Jerry Azzinaro: From last rites to the BCS
The most interesting man involved in the BCS National Championship Game no-showed at Friday's media day. Like the rest of the Oregon Ducks' assistant coaches, Jerry Azzinaro opted not to attend the session. Instead, he figured that time would be better served watching a little more game film of Auburn.
The 52-year-old with the raspy New York City accent is the fiery leader of the Ducks' undersized defensive line. The group will give up almost 50 pounds per man as it tries to contain QB Cameron Newton and the Tigers' potent offense. Biggest challenge of Azzinaro's near 30-year coaching career? Yeah, sure. Then again, Azzinaro knows a lot about challenges.
Almost 12 years ago, Jerry Azzinaro was given last rites while his body was laid out on a hospital bed in Maine. At the time, he had been preparing to start a new job as the defensive line coach at Syracuse. He was flying to his home in Orono, Maine, after taking part in a coaching clinic at the University of Pittsburgh. Azzinaro went there to talk about the finer points of the "G-Defense."
On the flight, he felt sharp pain in his chest. Azzinaro, a former Golden Gloves boxing champ and judo brown belt who was always known amongst his grizzled colleagues as the toughest guy they'd ever met, was able to make it home. He went up to take a shower, hoping the feeling would ease up. It didn't. The pain worsened. He knew something inside him was very wrong. Since his wife was out of town, Azzinaro drove himself to the emergency room.

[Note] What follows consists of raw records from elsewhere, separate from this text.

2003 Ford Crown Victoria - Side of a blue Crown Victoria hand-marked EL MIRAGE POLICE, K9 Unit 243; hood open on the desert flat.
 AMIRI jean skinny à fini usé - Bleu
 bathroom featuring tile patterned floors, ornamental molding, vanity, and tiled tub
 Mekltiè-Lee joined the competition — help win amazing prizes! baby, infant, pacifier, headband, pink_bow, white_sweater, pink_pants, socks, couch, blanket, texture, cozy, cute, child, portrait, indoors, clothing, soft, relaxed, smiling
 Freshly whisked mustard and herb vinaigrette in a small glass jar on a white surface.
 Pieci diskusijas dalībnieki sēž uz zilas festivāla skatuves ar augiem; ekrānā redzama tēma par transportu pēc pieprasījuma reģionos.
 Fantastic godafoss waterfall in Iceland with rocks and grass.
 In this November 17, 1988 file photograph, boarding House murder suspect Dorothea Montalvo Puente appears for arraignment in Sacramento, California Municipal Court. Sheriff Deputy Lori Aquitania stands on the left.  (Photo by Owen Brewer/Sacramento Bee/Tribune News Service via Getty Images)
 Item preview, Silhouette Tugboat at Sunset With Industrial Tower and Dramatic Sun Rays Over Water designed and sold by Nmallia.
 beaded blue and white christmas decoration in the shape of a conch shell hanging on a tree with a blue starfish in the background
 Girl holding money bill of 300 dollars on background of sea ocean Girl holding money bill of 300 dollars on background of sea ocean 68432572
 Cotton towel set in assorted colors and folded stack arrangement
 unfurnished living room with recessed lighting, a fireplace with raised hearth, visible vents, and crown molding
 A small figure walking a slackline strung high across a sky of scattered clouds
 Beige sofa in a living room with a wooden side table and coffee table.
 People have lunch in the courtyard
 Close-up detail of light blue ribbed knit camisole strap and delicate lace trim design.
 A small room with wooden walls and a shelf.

Doctors determined he needed emergency surgery. The 41-year-old Azzinaro had suffered an aortic dissection, which occurs when the inner layer of the wall of the aorta -- the body's largest artery -- splits open (or dissects). Then the blood that is being pumped out of the heart forces its way between the separated layers, causing the aorta to split even further apart.
Most people don't survive it, Azzinaro was later told.
The staff at University of Maine hospital didn't think he would, either.